Sepertinya Sandiaga Uno, harus belajar lagi untuk bisa mencalonkan
diri menjadi seorang pemimpin apalagi duduk di pemerintahan. Jika tidak mengerti
aturan main seorang public pigur, aturan main seorang pemimpin, aturan main
calon pemimpin yang akan duduk di pemerintahan, memimpin pemerintahan Daerah.
Apa kata dunia??...
Sebaiknya, sebelum mencalonkan diri, Sandiaga Uno, untuk
berpikir ulang, bagaimana ia akan bisa menjadi seorang pemimpin menata Daerah
menata pemerintahan, jika menata orang-orang terdekatnya saja tidak becus.

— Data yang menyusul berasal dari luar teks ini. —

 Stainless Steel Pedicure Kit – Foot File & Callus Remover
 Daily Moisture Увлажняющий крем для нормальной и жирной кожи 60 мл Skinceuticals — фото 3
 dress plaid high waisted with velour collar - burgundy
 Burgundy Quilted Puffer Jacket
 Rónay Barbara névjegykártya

Ini jaman kebebasan pers, Bung !!! dimana untuk menulis dan
mencari berita pers atau wartawan tidak perlu lagi di undang. Karena pers dan
publik pigur bukanlah sebuah acara seremonial hajatan hura-hura dan makan-makan
semata, dimana harus ada undangan dan pemberitahuan secara tertulis. Pers punya
kebebasan mencari dan menulis berita apa dan siapa.

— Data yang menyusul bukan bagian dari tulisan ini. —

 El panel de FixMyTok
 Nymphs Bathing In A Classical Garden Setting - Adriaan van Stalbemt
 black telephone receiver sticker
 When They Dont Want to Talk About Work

Ketika Ajudan Sandiaga Uno mengatakan dengan ketus, arogan, angkuh
dan sombong dengan bahasa ala preman yang sesugguhnya tidak pantas dilontarkan
seorang ajudan atau orang terdekat dari seorang public pigure, apalagi dengan
nada sedikit mencemooh dan menghardik “Gua Nggak Ngundang!” itu sudah
mencerminkan bahwa sesungguhnya Sandiaga Uno, sangatlah tidak punya sopan
santun dan komunikasi yang baik.
Itu tercermin dari bawahan dan orang terdekatnya.
Sesungguhnya Sandiaga Uno, sangatlah tidak layak menjadi seorang pemimpin,
apalagi memimpin sebuah pemerintahan Daerah maupun di Negara ini.
Seorang pemimpin yang pantas memimpin selain bisa bersikap
santun juga haruslah bisa merangkul semua orang, tidak melihat siapa dia, apa
dan dari mana. Karena warga DKI dan warga Negara ini amat sangat beragam. Warga
tidak perlu dipuja dan dihormati, tapi di rangkul, diterima dan diperlakukan
dengan baik, itu sudah cukup. Warga tidak pernah meminta lebih, tapi
pemimpinlah yang sering kali meminta lebih.
Seorang Sandiaga Uno, belum lagi menjadi pemimpin, tapi
kelakuan orang-orang terdekatnya seakan Sandiaga Uno itu sudah menjadi pemimpin
dan penguasa. Belum apa-apa, tapi sudah sok berkuasa. Belum lagi berkuasa, tapi
sudah seperti orang yang paling penting. Belum lagi menjadi orang penting, tapi
sudah menyelepekan orang. Dan yang disepelekan itu adalah calon warganya, yang
mungkin saja punya hati untuk memilih.
Tapi karena sikap arogan dan sok orang terdekat Sandiaga Uno
sendiri, tentulah harus berpikir beribu kali untuk menjatuhkan pilihan kepada
Sandiaga Uno. Negeri ini tidak butuh senyum kamuflase, tidak memerlukan wajah
innocence alias tampak seperti tanpa dosa, tidak mengharuskan calon-calon
pemimpin yang hanya merangkul beberapa gelintir orang saja. Tidak memerlukan
calon pemimpin yang seperti terlihat menunduk tersipu malu, tetapi jauh di
lubuk hatinya adalah hanya seonggok manusia yang tak berhati nurani.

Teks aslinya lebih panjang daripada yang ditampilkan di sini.